Joe Mullett

Personal information
- Full name: Joseph Mullett
- Date of birth: 2 October 1936
- Place of birth: Halesowen, England
- Date of death: 1995 (aged 58–59)
- Place of death: Cradley Heath, England
- Position(s): Wing half / Full back

Youth career
- Malt Mill United

Senior career*
- Years: Team / Apps / (Gls)
- 1955–1959: Birmingham City / 3 / (0)
- 1959–1968: Norwich City / 213 / (2)
- 1968–1970: King's Lynn
- 1970–1971: Lowestoft Town
- 1971–197?: Yarmouth Town
- Total:  / 216 / (2)

= Joe Mullett =

English footballer

Joseph Mullett (2 October 1936 – 1995) was an English professional footballer who made 216 appearances in the Football League playing for Birmingham City and Norwich City.

==Career==
Mullett was born in Halesowen, which was then in Worcestershire.
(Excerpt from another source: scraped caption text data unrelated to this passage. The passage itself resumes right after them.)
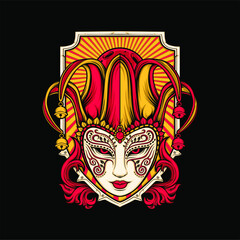 feamel jester head illustration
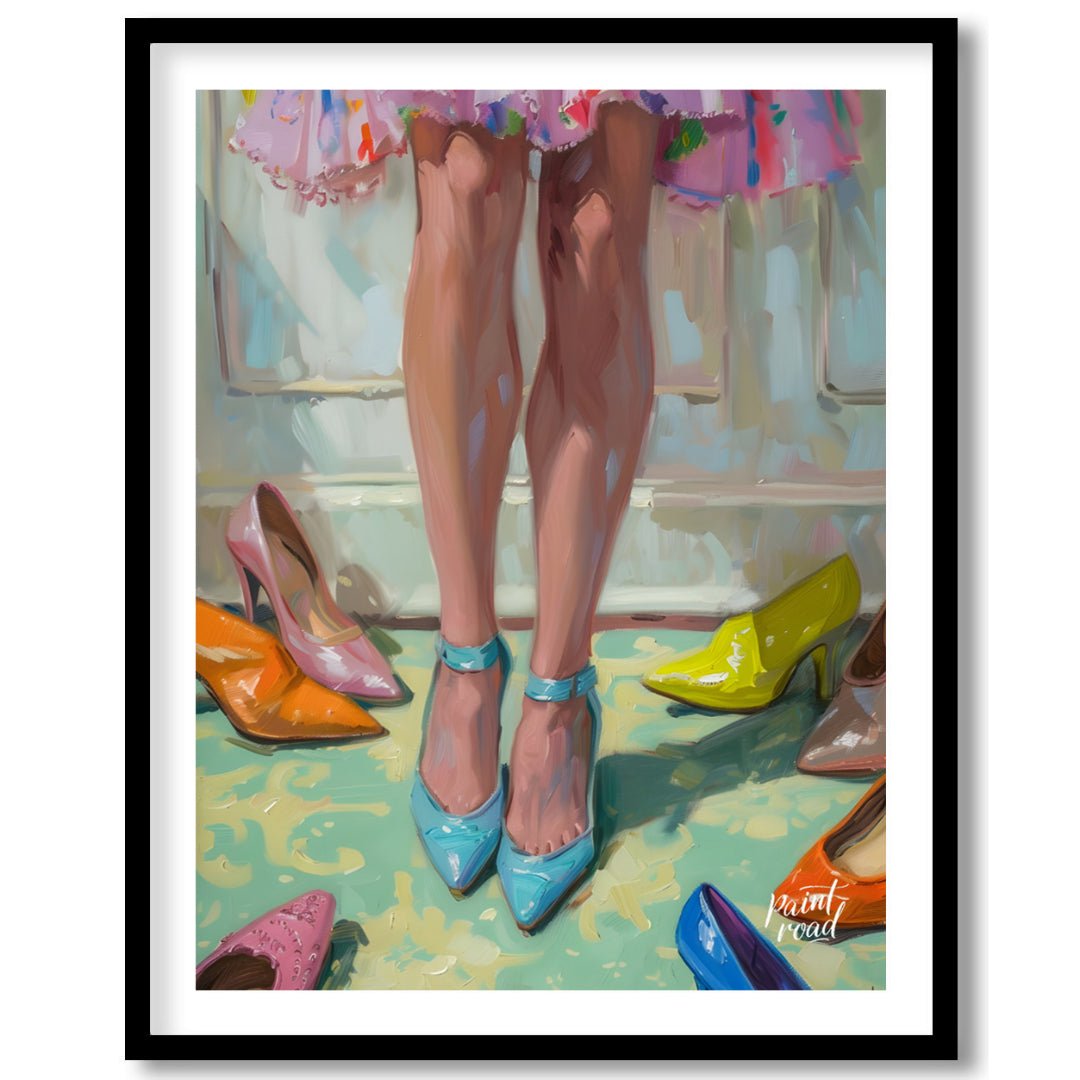 This beautiful painting playfully captures a moment of indecision amidst a colorful collection of f… for space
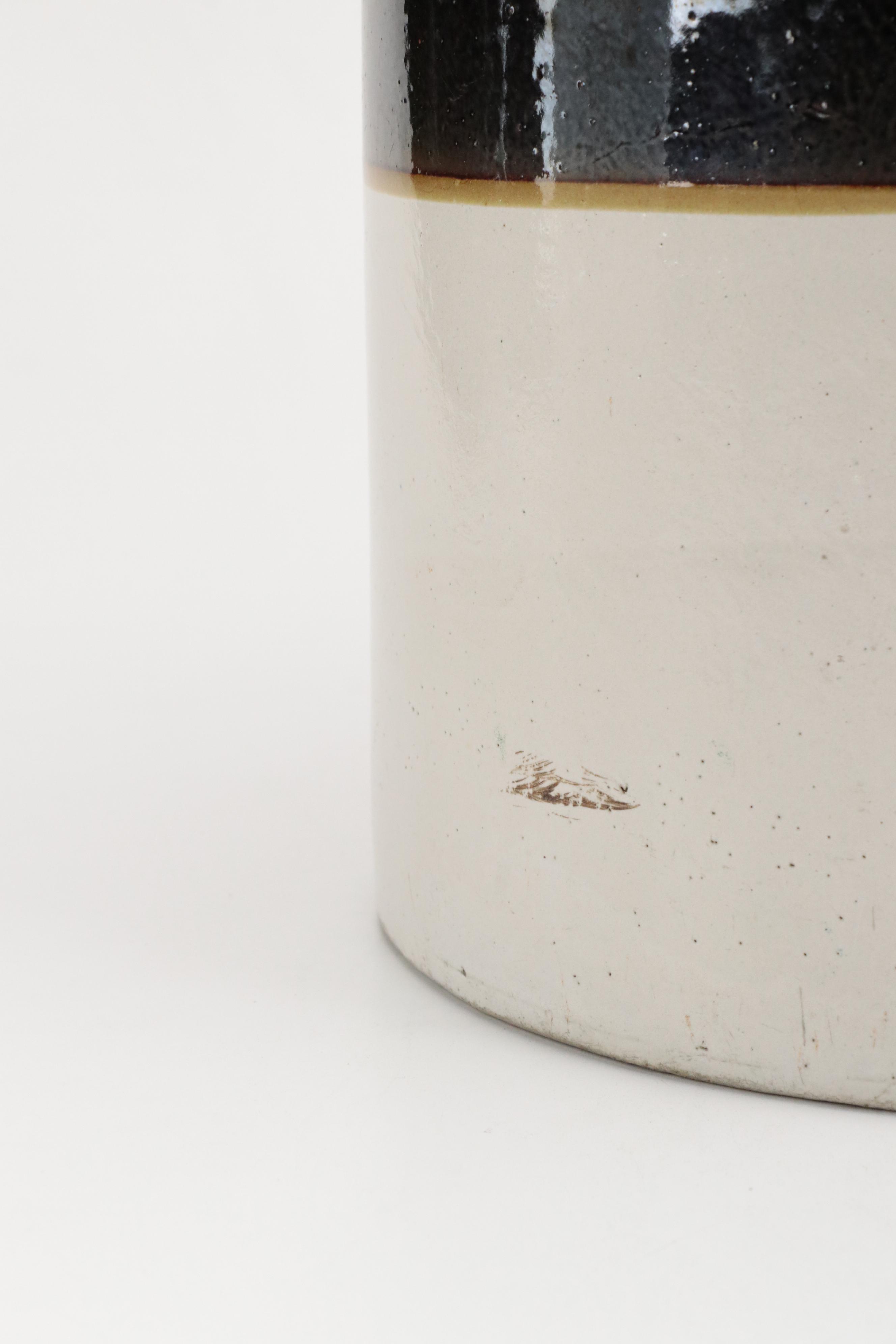 Six Gallon Two Tone Stoneware Crock, Early to Mid-20th Century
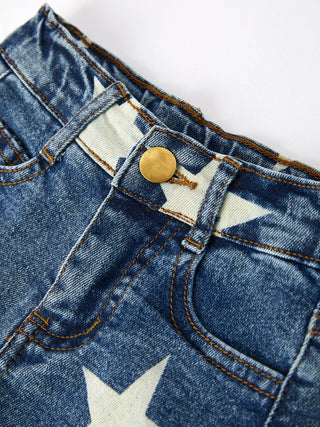 America Top+Denim Shorts Set
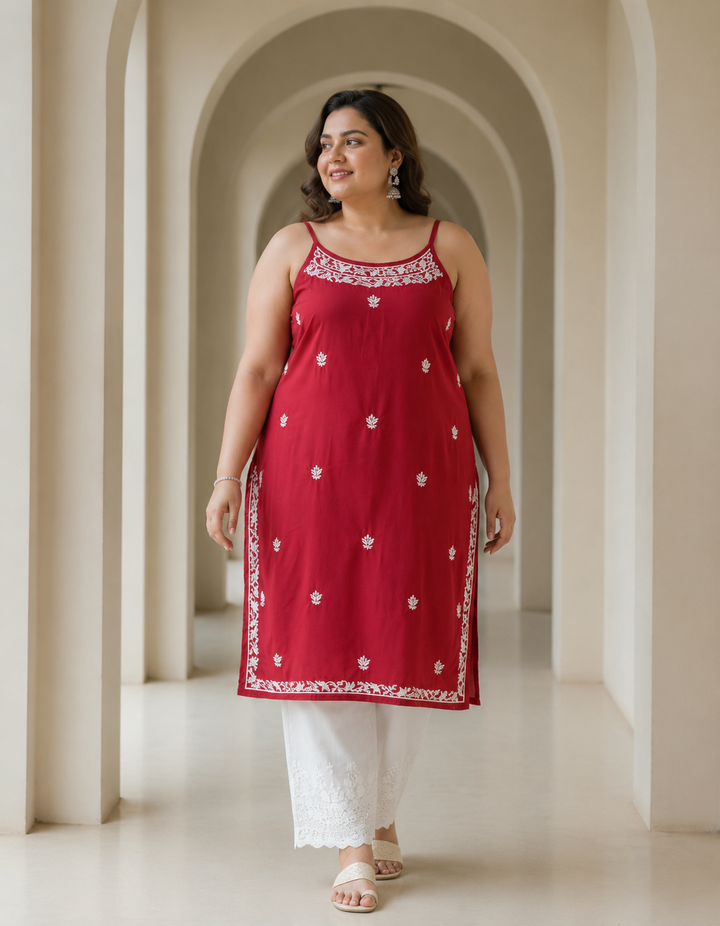 Maroon Rayon Chikankari Short kurta -Custom Made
He joined Birmingham City in 1955, and soon after he completed his National Service he made his first-team debut. This came in the First Division on 11 September 1957 in a home game against Tottenham Hotspur which finished goalless; Mullett played at left half to allow Dick Neal to stand in for Peter Murphy at inside left. He kept his place for three games in Murphy's absence, but those were the only first-team games he played for Birmingham, and in February 1959, Norwich City paid £2,000 for his services. At Norwich he was converted to play at full back, went on to make 213 Football League appearances for the club, and helped them to win the 1962 League Cup. He spent nearly ten years with Norwich, before finishing off his career in non-league football in the East Anglia area.

Mullett died in Cradley Heath, West Midlands, in 1995.